A jack-of-all-trades
Code Talker Willie at first kept service secret, then opened up with pride
WINDOW ROCK
George Boyd Willie Sr., who passed away Tuesday at the age of 92 in his home in Leupp, Arizona, after a long illness, really took to heart his oath to keep the fact he was a Code Talker a secret. According to family members, he didn’t tell them he was a Code Talker until 1997, more than 25 years after the federal government declassified the information and officially informed the world of their existence.
Annabelle Smallcanyon, his youngest daughter, said when they heard that he was a Code Talker and asked him about it, he said he couldn’t say anything because he took an oath when he was discharged that he wouldn’t reveal anything about their existence. “I told him that it was all right because other Code Talkers were talking about it and telling about their experiences,” she said. After that, she said, her father would tell family members about his experiences as something triggered his memory.
Born in a small community near Sawmill, Arizona, in either 1925 or 1926, depending on whose records you believe, Willie, who is Tó Dích’iínii (Bitter Water) and born for Tábaahá (Near The Water Edge), went to the Sawmill Day School before transferring to the vocational school at Fort Wingate where students studied academics in the morning and then took farming courses in the afternoon.
His mother died when he was young and his father, who was a lumberman, remarried, so he would spend much of his time being cared for by aunts and uncles. But he never lost his love and respect for his father.
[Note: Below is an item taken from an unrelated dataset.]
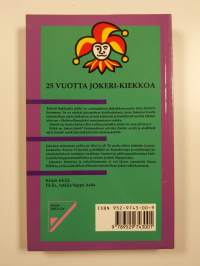 Jokerit liukkaalla jäällä : 25 vuotta Jokeri-kiekkoa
Smallcanyon said Willie would often tell of times that he would wait for his father at the gate of the sawmill and when he came out, he and his father would walk back to where his grandmother, who was watching him at the time, lived.
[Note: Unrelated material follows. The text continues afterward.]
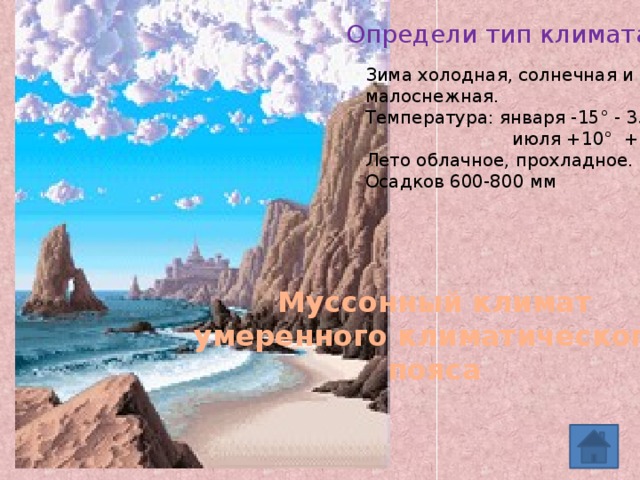 Определи тип климата Зима холодная, солнечная и малоснежная. Температура: января -15° - 35°  июля +10° +20° Лето облачное, прохладное. Осадков 600-800 мм Муссонный климат умеренного климатического пояса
He only went to the 7th grade and like many Navajos, started trying to enlist after hearing about the Japanese attack on Pearl Harbor on Dec. 7, 1941. “He was too young, however, to get in,” said Smallcanyon. “He had to wait until he was 17.”
He finally became a Marine and Code Talker in 1943 serving as a private with the 2nd Marine Division, 10th Battalion. He participated in the battle of Okinawa, delivering and receiving coded messages using the Navajo language, according to the Marine Corps.
He would later tell family members and others about what he remembered about the battle. He began with the ropes that were placed alongside the ships so that the people on the ship could get into the water. He recalled there was a priest who was giving the soldiers getting off the ship a blessing, saying that he didn’t know if they would return, but “if you don’t, you are doing this for your country.”